The general rule seems to be that this breed of love is the outdoors type. So is it, by its very nature, destined to crumple and deflate as soon as you drag it behind those closed winter doors? After being born in the exciting, carefree atmosphere of those drawn-out summer days, is it perhaps too hard to translate holiday fling “relationship contexts” into the claustrophobic, routine-driven winter months?
A common perspective on both sides of the gender-divide is that summer flings are just that; a transitory beast and a celebration of the sun, warmth, freedom and light. They just aren’t supposed to lead to being walked down the aisle. It’s (probably) a statistical fact that many summer flings are between two people, one – or both – of whom are already dating someone else.
But let’s get to the heart of the matter here. How does a sun-tanned romance turn into an evergreen bond? Here’s my recipe for cooking up a long-term love out of even the skimpiest of summer ingredients:
1) Adapt. Adapt. Adapt. Do I have to say it again? That summer fling has to learn what real life and relationships are all about – ‘cause it’s not all skinny-dipping and tapas. That means you both have to be flexible: chances are, your summer hottie won’t be your typical ‘type’ so you both need to cut some slack and maybe step out of your comfort zones a little.
2) Share and share alike. Get to know each other’s real lives, friends and maybe even family. Talk to each other and build a connection based on something other than sun and Sangría.
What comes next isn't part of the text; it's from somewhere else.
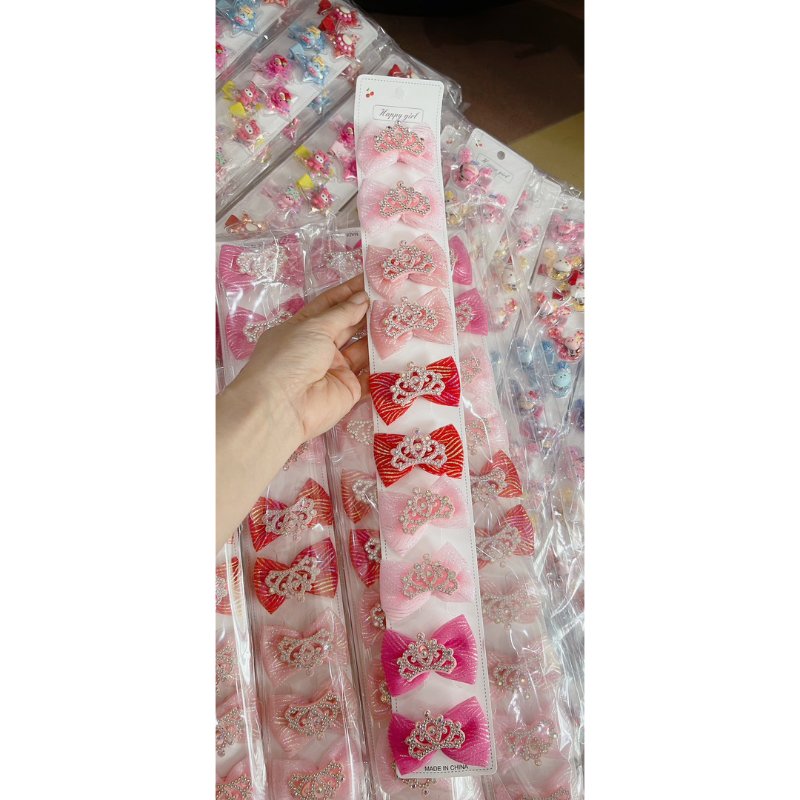 Sỉ 1 dây kẹp nơ ren có gắn vương miện cho bé gái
3) Get on a level. Near the end of the summer, realistically discuss your expectations and what each other want. A “real” relationship just isn’t going to be as exciting or intense but it can be more fulfilling. But is such a thing even possible, or desirable, for both parties? Is distance involved? Is everyone happy with physical distance, Skype calls and weekend breaks?
Finally, DO NOT push any of the above. If it’s not meant to be, it’s just not meant to be. Celebrate what it was and move on. Don’t be upset or get irate, just be happy that you got to experience it in the first place, take what you’ve learnt and go find your future.
This article was written by Barry Cooke. Barry is a respected SEO and usability consultant who has been working in search and social media for over 15 years in a number of markets from online dating to finance and travel.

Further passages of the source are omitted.